The Telegraph has the story:
Qasim Rafiq, who is now a spokesman for the Federation of Student Islamic Societies, invited speakers who have supported a holy war and called for an Islamic caliphate.
Yesterday he refused to say whether he supported those concepts himself but said it was important that universities allowed freedom of speech as long speakers did not promote hatred or violence
Malcolm Grant, the provost at UCL, has called it a “spectacular insinuation” that Abdullmutallab was radicalised during his three years at the university.
However, it has emerged that the Joint Terrorism Analysis Centre, which assesses intelligence from MI5, MI6 and the GCHQ listening centre, identified UCL and 11 other universities as having a potential problem with extremism in 2008, the year Abdulmutallab left.
Security sources say Abdulmutallab was “beginning a journey” to radicalisation in London and was in touch with several extremists who were under surveillance.
Rafiq invited Taji Mustafa a spokesman for the group Hizb ut-Tahrir to speak at the university in November 2005 as part of a series of lectures called “Pearls of Wisdom”.
The government pledged to ban Hizb ut-Tahrir (HuT) in the wake of the London bombings earlier that year but changed its mind after heavy lobbying from the group.
HuT publicly advocates the non-violent establishment of shariah law in Britain but the London and Glasgow car bombers associated with members of the group in Cambridge and one of its videos tells viewers: “Force is used to protect the authority of Islam.”

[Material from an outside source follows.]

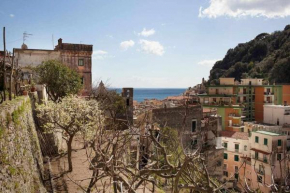 Donna Saretta Casetta tradizionale Amalfitana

Among a number of other radical speakers invited by Rafiq was Sheikh Riyadh ul-Haq who has supported the Taliban, questioned Osama bin Laden’s guilt, and has said that Muslims should be “willing to sacrifice anything that may be required” and should not “befriend the kuffar” [non-believers].
Another speaker was Abdur Raheem Green, a former public schoolboy at Ampleforth called Anthony, who converted to Islam.

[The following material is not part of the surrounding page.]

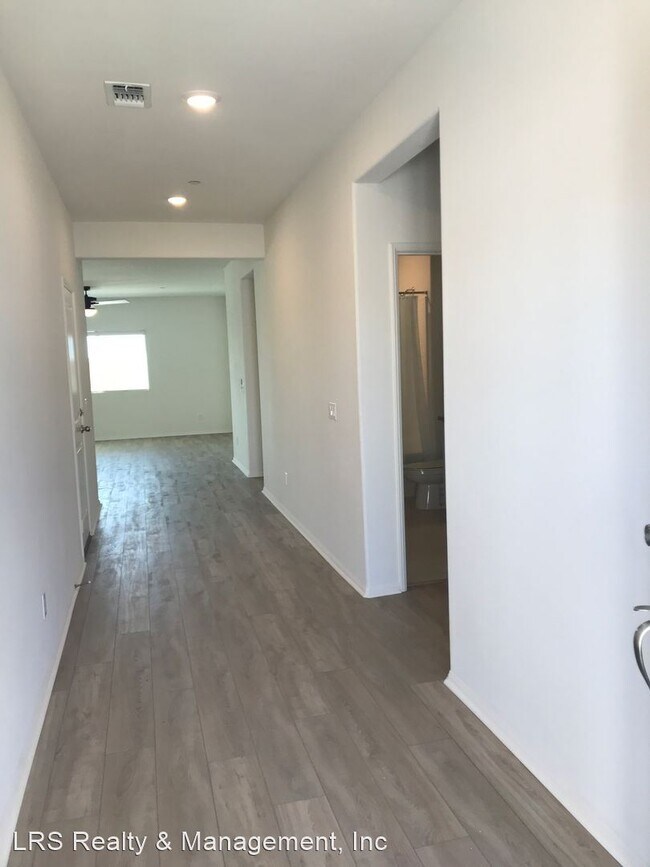 Foto del edificio - 4 br, 2 bath House - 10809 Asuncion Place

Green, 44, a former teacher at the London Central Mosque in Regents Park, led a talk on Islam and terrorism although he had previously claimed that “dying while fighting jihad is one of the surest ways to paradise.” He now says he has renounced his extremist views.

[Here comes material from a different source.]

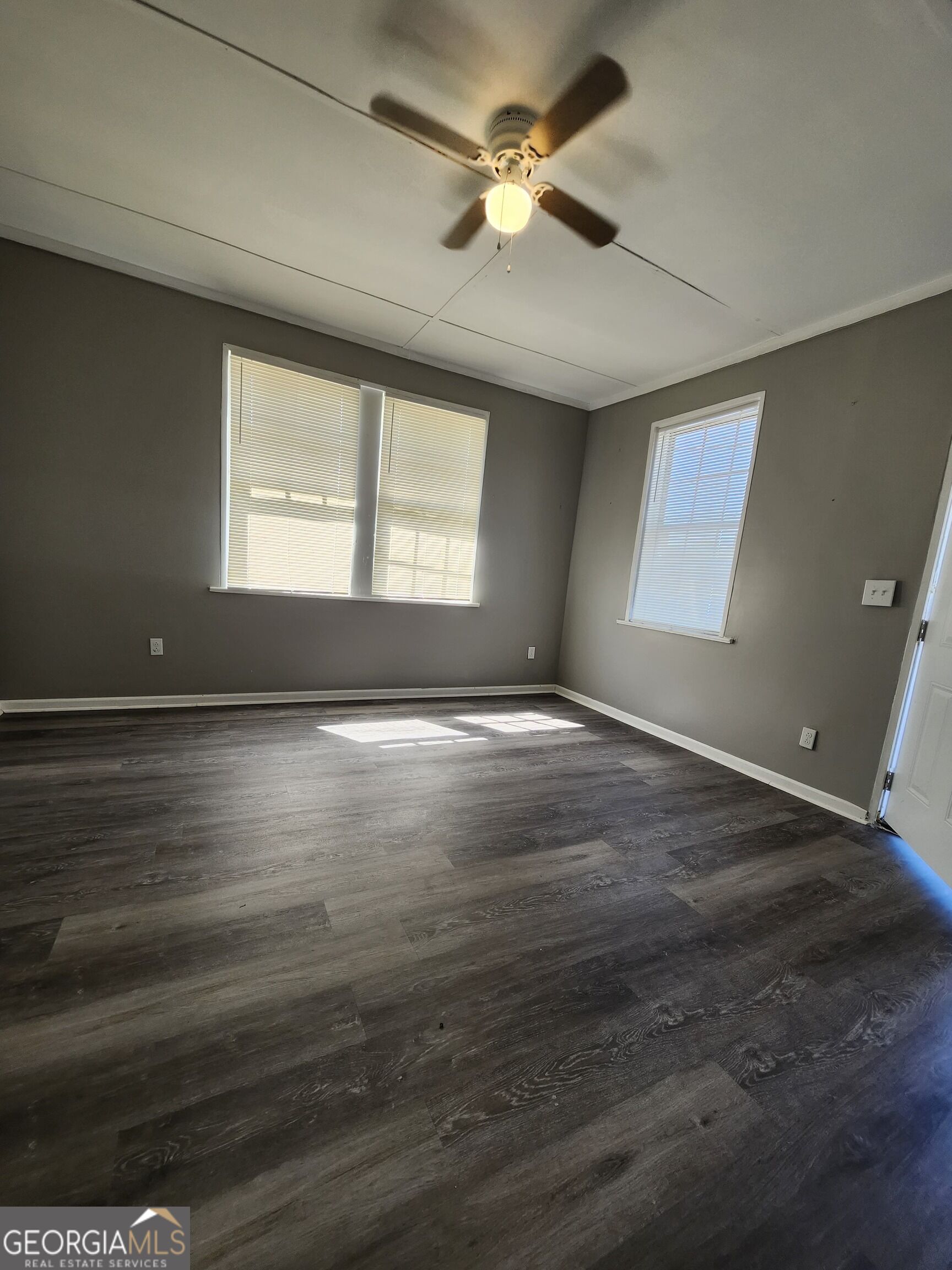 1893 3rd Avenue Property Photo 2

When Abdulmutallab took over from Rafiq as president of the university’s Islamic society, they invited Asim Qureshi who had called on Muslims at a Hizb ut-Tahrir rally the previous year to support fighting in Chechnya, Kashmir, Palestine, Iraq, and Afghanistan.
Qureshi told the crowd at the US embassy in London: “We know that it is incumbent upon all of us to support the jihad of our brothers and sisters in these countries when they are facing the oppression of the west.”
Qureshi is a member of the campaign group Cage Prisoners, who have been associated with the radical preacher Anwar al-Awlaki, who is said to have helped Abdulmutallab contact al-Qaeda in Yemen.
Douglas Murray of the Centre for Social Cohesion think tank said: “Professor Grant has shamelessly attempted to deflect attention from the very real problems of radicalisation occurring on the UCL campus.
“The bigoted and extreme nature of some speakers who regularly address young Muslim students at UCL campus is astonishing.”
Not astonishing to anybody who has read Harry’s Place or The Spittoon.